[Records shown]

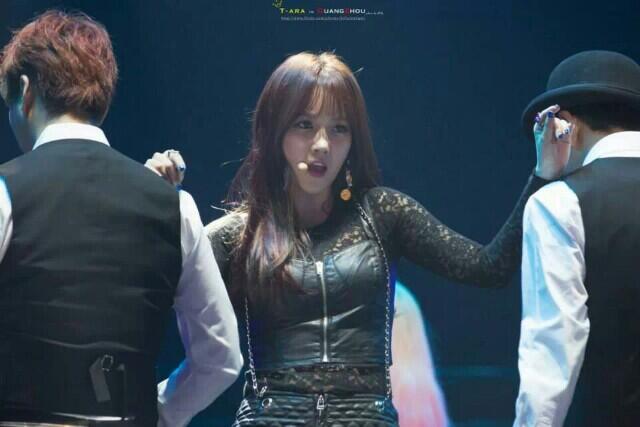 BcVbVcyIUAA9Kzg.jpg:large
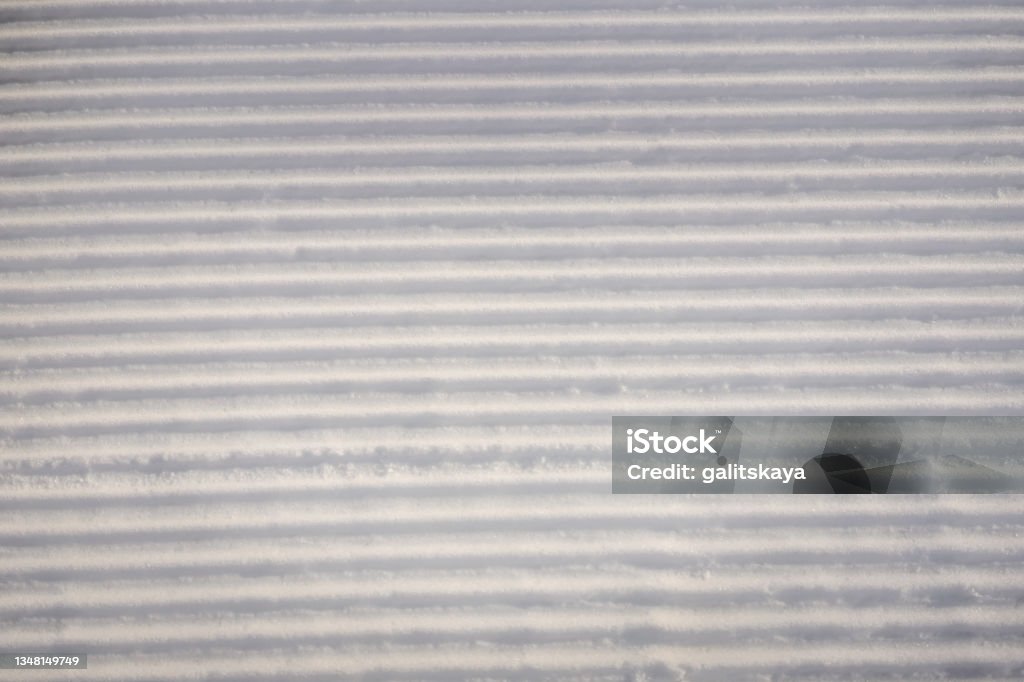 perfekt präparierte leere Piste an einem sonnigen Wintertag - Lizenzfrei Alpen Stock-Foto perfekt präparierte leere Piste an einem sonnigen Wintertag - Lizenzfrei Alpen Stock-Foto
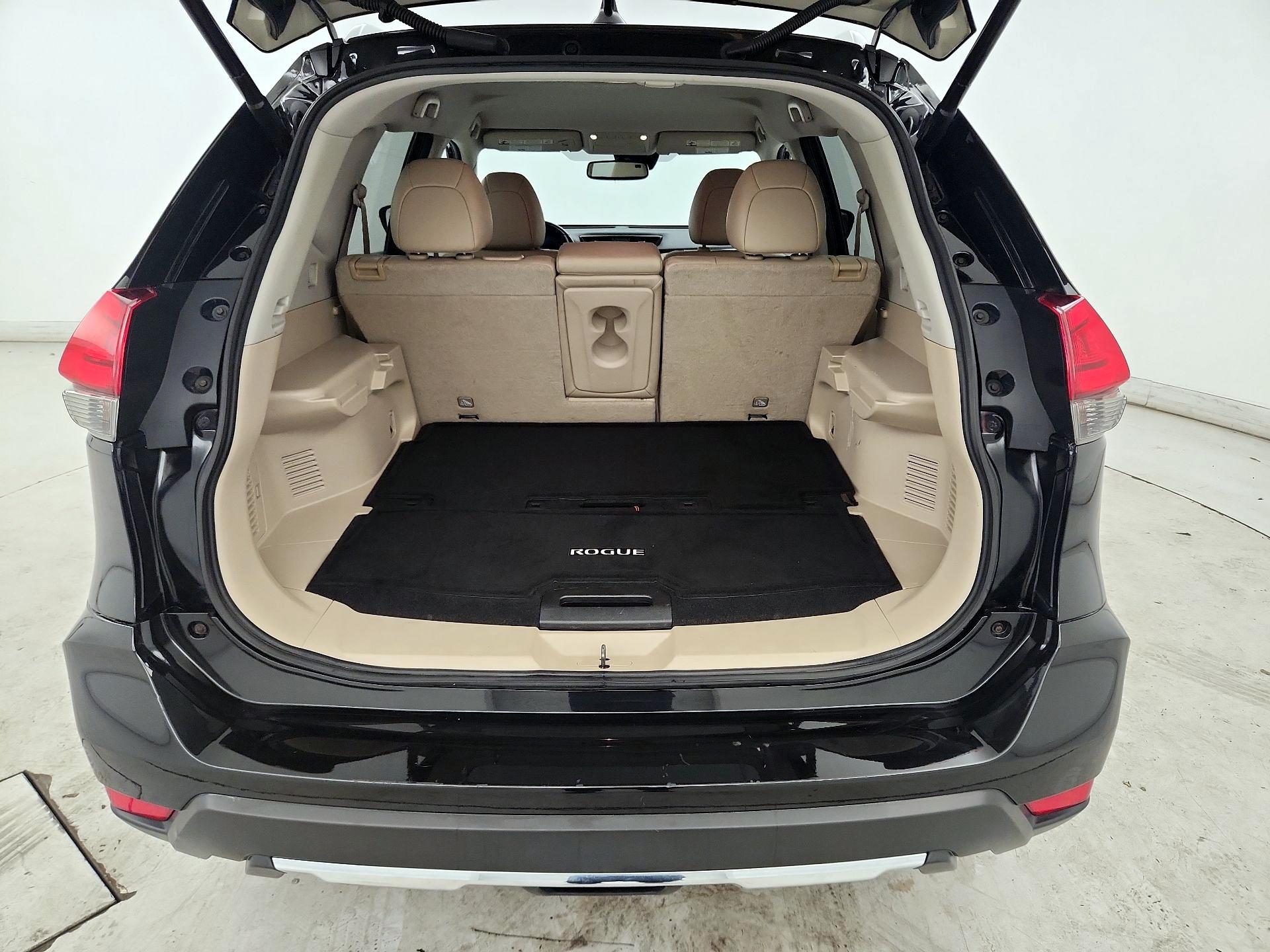 Thumbnail: 2017 Nissan Rogue - 20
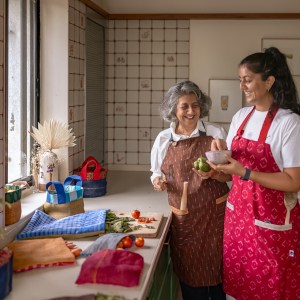 JAMA Apron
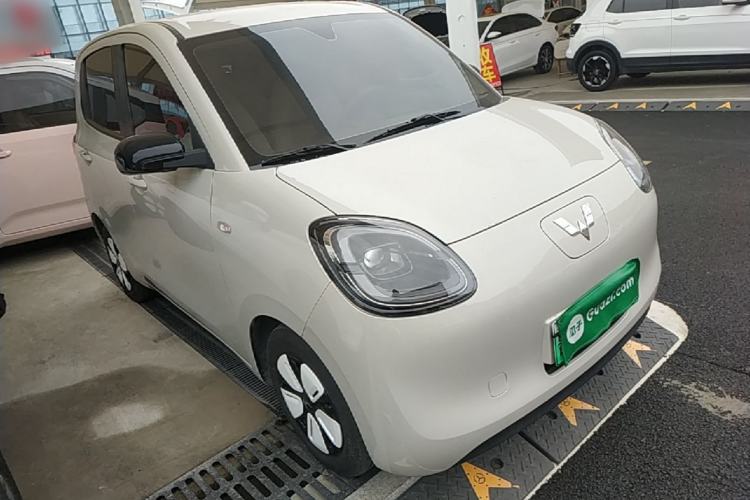 Used Wuling Hongguang MINIEV 2025 Four-Door Version Advanced Edition Front Right 45 Deg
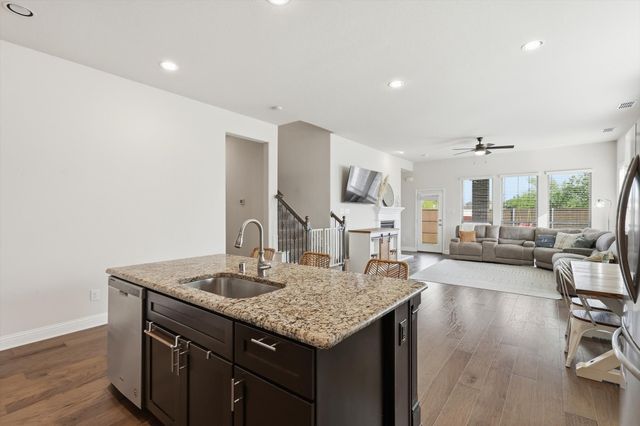 2109 Falcon Ridge Drive, Mansfield, TX 76063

[/Records shown]

What you are asked to do
Please write out, exactly, every line from the line with "Thumbnail: 2017 Nissan Rogue - 20" through the final line of the data above, leaving out pictures.

Your response
 Thumbnail: 2017 Nissan Rogue - 20
 JAMA Apron
 Used Wuling Hongguang MINIEV 2025 Four-Door Version Advanced Edition Front Right 45 Deg
 2109 Falcon Ridge Drive, Mansfield, TX 76063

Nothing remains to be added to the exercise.